4.6.4. N-(5-(bis(3-(dimethylamino)propyl)carbamoyl)-1-methyl-1H-pyrrol-3-yl)-5-methyl-3-(10-(quinolin-8-yl)anthracen-9-yl)isoxazole-4-carboxamide, 3e

Prepared as above, the nitro-pyrrole double-tail (0.7 mmol), was initilly reduced with hydrogen and Pd on carbon (0.24 g), in MeOH as solvent (15 mL), H₂ (40 psi), 4 hr, filtered and concentrated. The resulting amino-pyrrole double-tail, was treated with AlMe₃ (1 mmol), in THF (7 mL), to which was added 10-Quinoline ester 2e (0.35 mmol) and SmCl₃ (0.35 mmol), THF (14 mL). The yield after purification by silica gel chromatography was 14%.

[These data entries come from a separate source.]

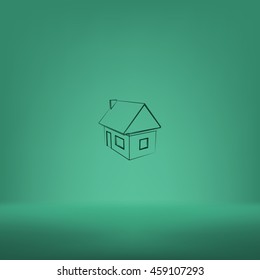 Flat paper cut style icon of house model vector illustration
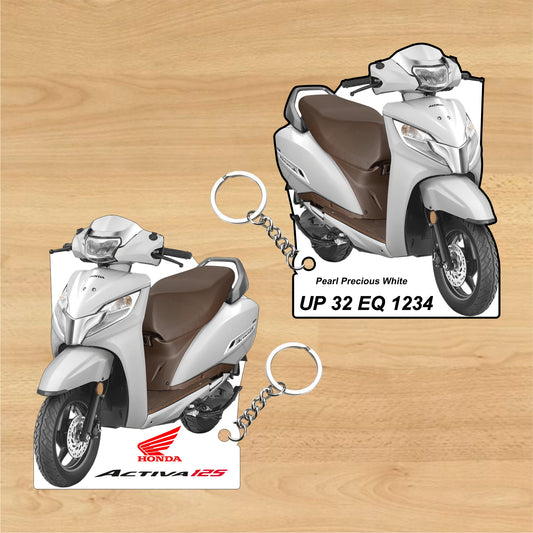 Activa 125 OBD2B - Personalized Honda Keychain - Wood, Acrylic, Metal Printed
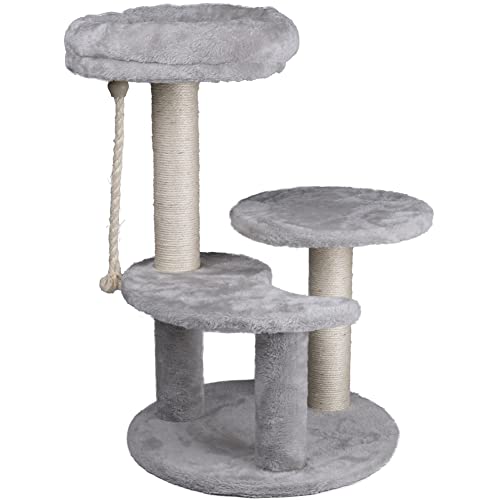 BAKAJI Kratzbaum mit 3 Ablagen für Katzen, Kratzer, Sisalseil, Bezug aus weichem Plüsch, Lernspielzeug für Katzen, Baum, robust, Farbe Grau 52 x 56 x 42 cm BAKAJI Kratzbaum mit 3 Ablagen für Katzen, Kratzer, Sisalseil, Bezug aus weichem Plüsch, Lernspielzeug für Katzen, Baum, robust, Farbe Grau 52 x 56 x 42 cm von BAKAJI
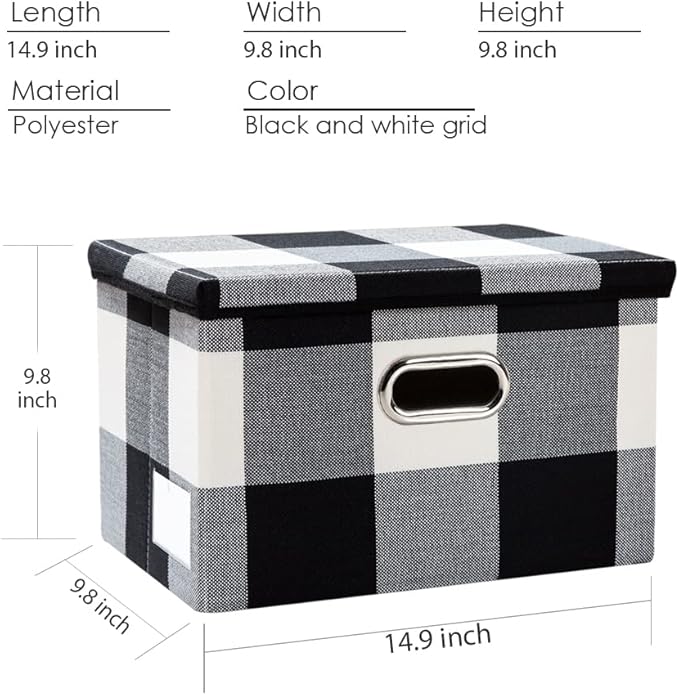 PRANDOM Collapsible Storage Bin with Lid [3-Pack] Fabric Foldable Storage Box Organizer Container Basket Cube with Cover for Home Bedroom Closet Office Nursery Black and White Grid(14.9x9.8x9.8)-Ruum Studio Home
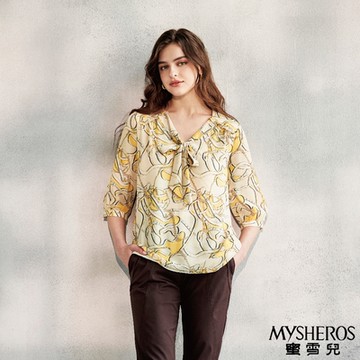 【MYSHEROS蜜雪兒】V領綁帶鏈條印花上衣-黃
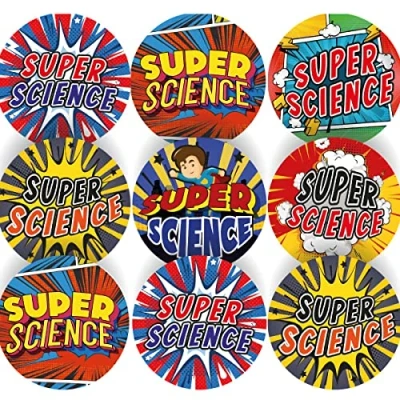 Image of 144 Superhero Science 30mm Glossy Reward Stickers for Teachers &amp; Parents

¹H NMR (400 MHz, MeOH-d₄) d = 8.65–8.54 (m, 2H), 8.27 (d, J = 8.6 Hz, 1H), 7.94–7.91 (m, 1H), 7.91–7.78 (m, 4H), 7.64–7.53 (m, 1H), 7.51–7.44 (m, 2H), 7.38 (t, J = 9.4 Hz, 2H), 7.32 (dd, J = 6.7, 7.7 Hz, 2H), 6.67 (d, J = 1.6 Hz, 1H), 6.63 (d, J = 1.6 Hz, 1H), 3.63 (s, 3H), 3.57–3.47 (m, 5H), 3.06 (br. s., 4H), 2.95 (s, 2H), 2.90 (s, 2H), 2.81–2.58 (m, 11H), 2.10–1.98 (m, 4H).

¹³C NMR (101 MHz, MeOH-d₄) δ = 171.98, 170.45, 165.04, 164.98, 160.17, 159.61, 159.07, 159.03, 149.97, 149.89, 138.05, 136.71, 133.24, 133.02, 130.78, 130.68, 130.54, 130.49, 129.01, 128.88, 126.83, 126.70, 126.27, 126.05, 125.51, 125.42, 125.38, 122.51, 122.21, 122.12, 121.56, 121.51, 121.38, 121.30, 117.39, 117.01, 115.98, 115.37, 105.58, 104.82, 54.70, 42.04, 34.56, 34.56, 34.47, 23.31, 11.80, 11.54.